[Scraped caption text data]
***

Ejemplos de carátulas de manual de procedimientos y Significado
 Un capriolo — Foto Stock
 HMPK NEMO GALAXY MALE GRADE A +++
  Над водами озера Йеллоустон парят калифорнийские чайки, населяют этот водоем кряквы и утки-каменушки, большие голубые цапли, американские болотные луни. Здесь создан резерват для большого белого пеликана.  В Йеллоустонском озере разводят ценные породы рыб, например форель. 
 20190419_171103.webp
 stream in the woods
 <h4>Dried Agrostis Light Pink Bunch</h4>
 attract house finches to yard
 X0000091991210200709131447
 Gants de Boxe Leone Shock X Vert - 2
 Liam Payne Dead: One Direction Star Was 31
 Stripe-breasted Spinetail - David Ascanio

***

■ YOUR ASSIGNMENT: An exact copy of the entries from the line containing "<h4>Dried Agrostis Light Pink Bunch</h4>" through the last line is the expected answer.

■ COMPLETED TASK:
 <h4>Dried Agrostis Light Pink Bunch</h4>
 attract house finches to yard
 X0000091991210200709131447
 Gants de Boxe Leone Shock X Vert - 2
 Liam Payne Dead: One Direction Star Was 31
 Stripe-breasted Spinetail - David Ascanio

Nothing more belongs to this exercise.